**What this task involves:**
Nothing but the lines from the one containing "Guillevic: Selected Poems, Paperback" through the one containing "Web picture file, for short Crossword Clue", both included, should be given again, each exactly as written below.

**Data records:**
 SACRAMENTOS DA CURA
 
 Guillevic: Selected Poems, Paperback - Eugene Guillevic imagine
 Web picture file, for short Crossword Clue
==
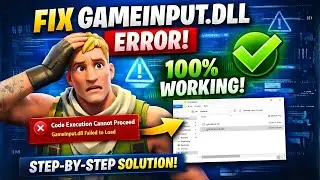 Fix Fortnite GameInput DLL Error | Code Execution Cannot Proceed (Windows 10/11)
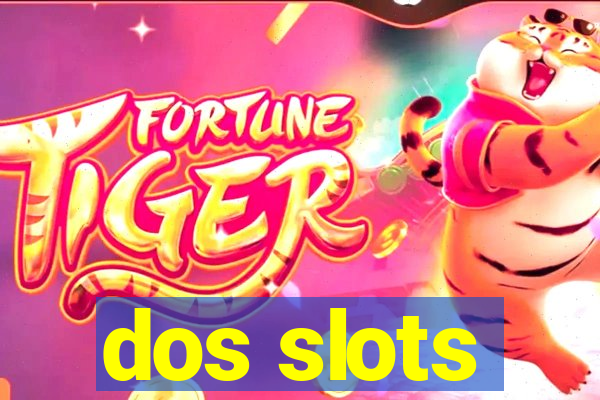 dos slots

**Solution for this exercise:**
 Guillevic: Selected Poems, Paperback - Eugene Guillevic imagine
 Web picture file, for short Crossword Clue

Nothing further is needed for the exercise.